(Description of the task):
An exact copy of every entry is required, without the pictures.

Short descriptive text snippets
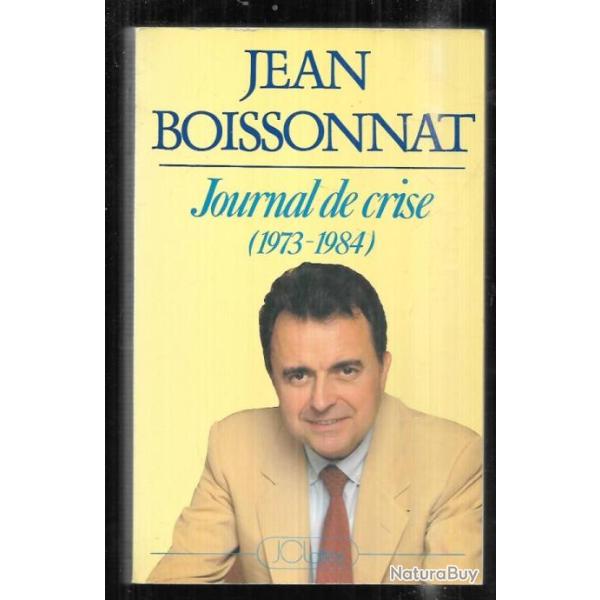journal de crise 1973-1984 de jean boissonnat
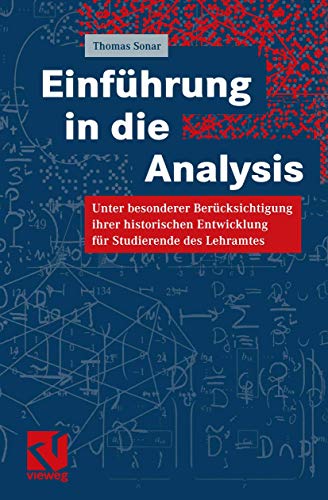 Einführung in die Analysis : Unter besonderer Berücksichtigung ihrer historischen Entwicklung für Studierende des Lehramtes - Thomas Sonar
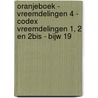 Oranjeboek - Vreemdelingen 4 - Codex Vreemdelingen 1, 2 en 2bis - bijw 19 by Unknown
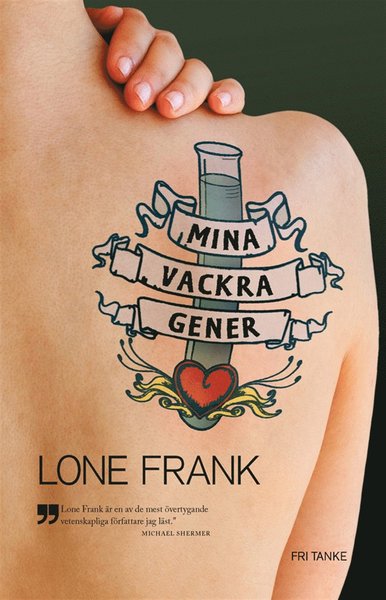 Mina vackra gener - Lone Frank - Kirjat - Fri Tanke förlag - 9789187513176 - maanantai 4. marraskuuta 2013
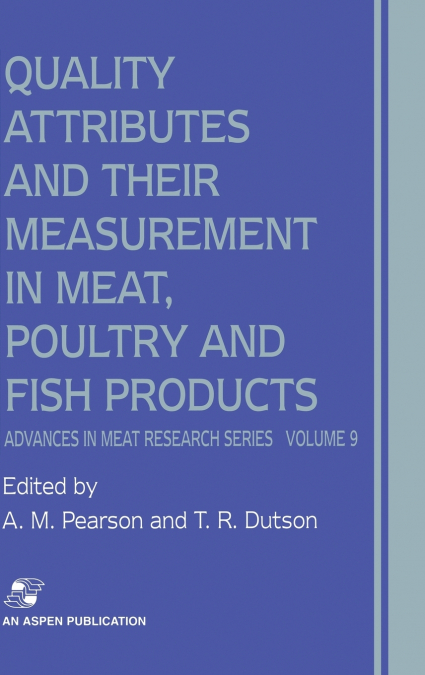 Quality Attributes and Their Measurement in Meat, Poultry and Fish Products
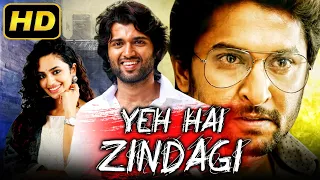 Yeh Hai Zindagi (HD) Hindi Dubbed Full Movie | Vijay Devarakonda, Nani, Malavika Nair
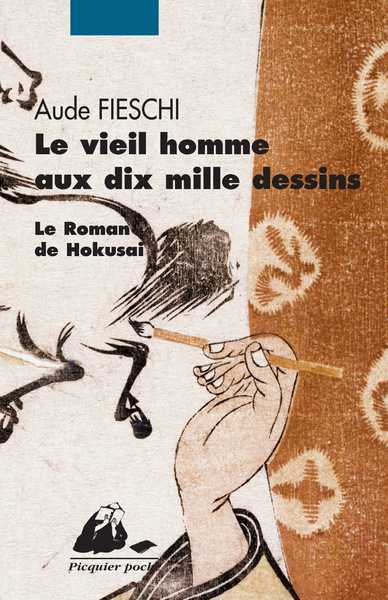 Fieschi Aude, Le Vieil Homme Aux Dix Mille Dessins 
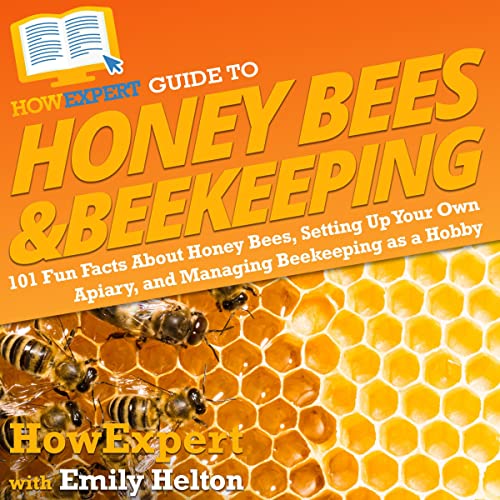 Cover of HowExpert Guide to Honey Bees & Beekeeping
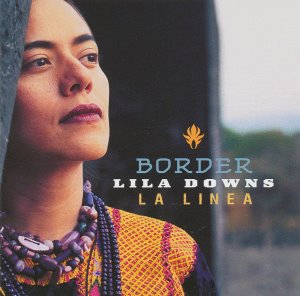 Lila Downs / Border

(The completed task):
journal de crise 1973-1984 de jean boissonnat
 Einführung in die Analysis : Unter besonderer Berücksichtigung ihrer historischen Entwicklung für Studierende des Lehramtes - Thomas Sonar
 Oranjeboek - Vreemdelingen 4 - Codex Vreemdelingen 1, 2 en 2bis - bijw 19 by Unknown
 Mina vackra gener - Lone Frank - Kirjat - Fri Tanke förlag - 9789187513176 - maanantai 4. marraskuuta 2013
 Quality Attributes and Their Measurement in Meat, Poultry and Fish Products
 Yeh Hai Zindagi (HD) Hindi Dubbed Full Movie | Vijay Devarakonda, Nani, Malavika Nair
 Fieschi Aude, Le Vieil Homme Aux Dix Mille Dessins 
 Cover of HowExpert Guide to Honey Bees & Beekeeping
 Lila Downs / Border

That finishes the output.